**Task prompt:**
Leaving out all pictures, return exactly the lines from the one that contains "পুরোনো গন্ডগোলের জের!" through the end of the data below.

**Information shown:**
+---+

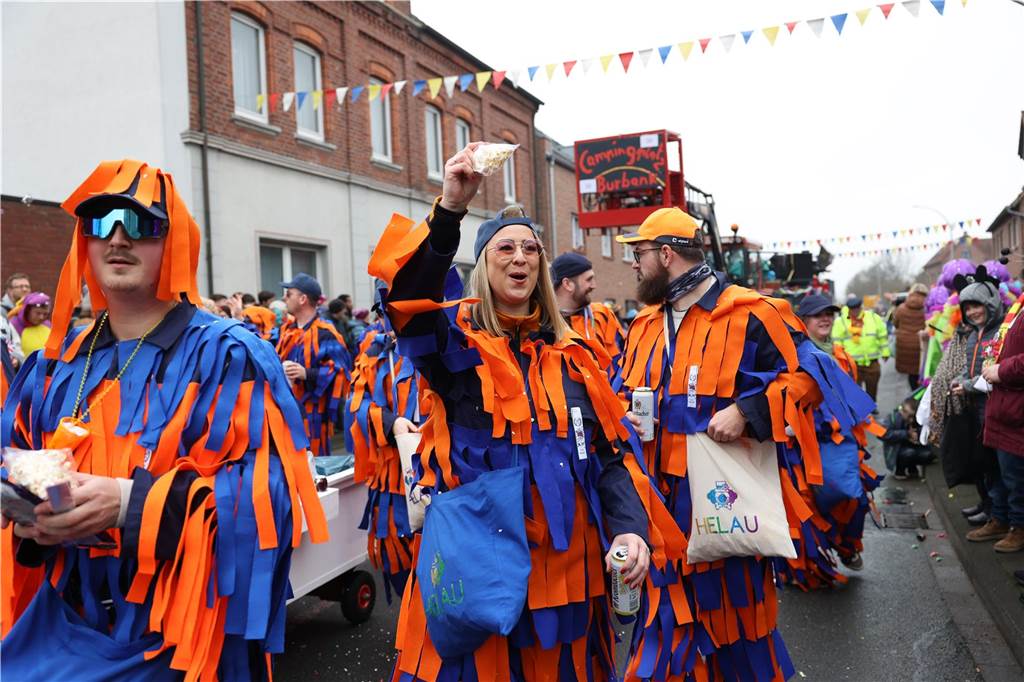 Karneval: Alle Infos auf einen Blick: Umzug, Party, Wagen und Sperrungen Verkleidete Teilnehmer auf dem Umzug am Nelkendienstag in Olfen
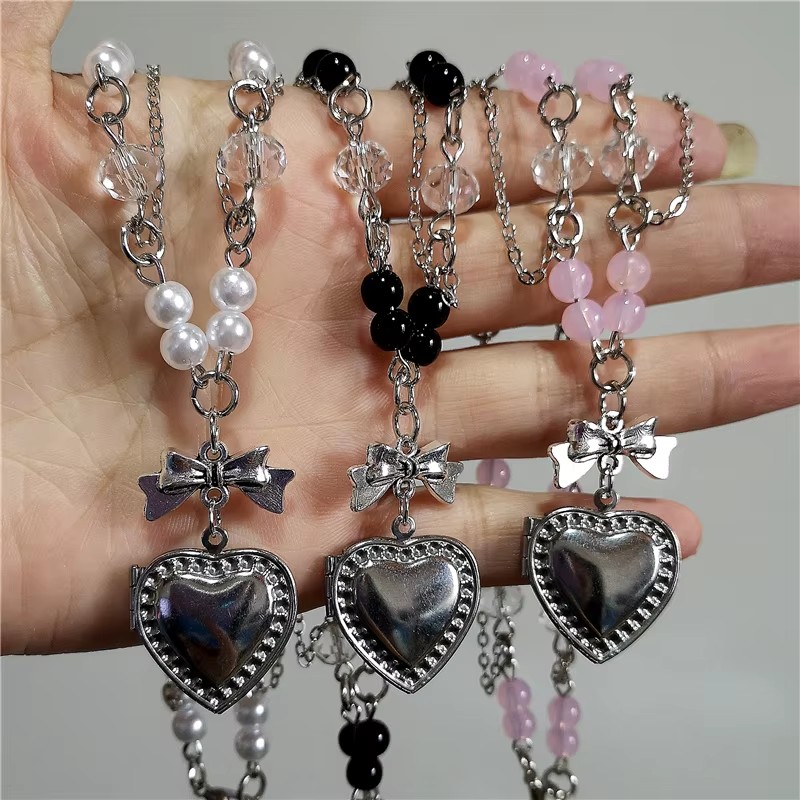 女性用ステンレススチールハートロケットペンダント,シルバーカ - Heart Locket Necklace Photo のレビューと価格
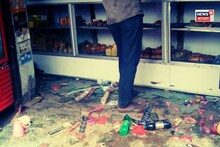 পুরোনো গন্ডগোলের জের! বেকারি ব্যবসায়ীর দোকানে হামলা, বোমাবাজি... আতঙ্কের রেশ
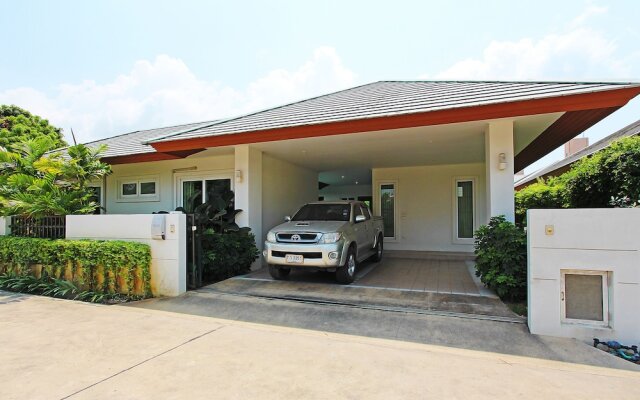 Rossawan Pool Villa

+---+

**Response for this exercise:**
 পুরোনো গন্ডগোলের জের! বেকারি ব্যবসায়ীর দোকানে হামলা, বোমাবাজি... আতঙ্কের রেশ
 Rossawan Pool Villa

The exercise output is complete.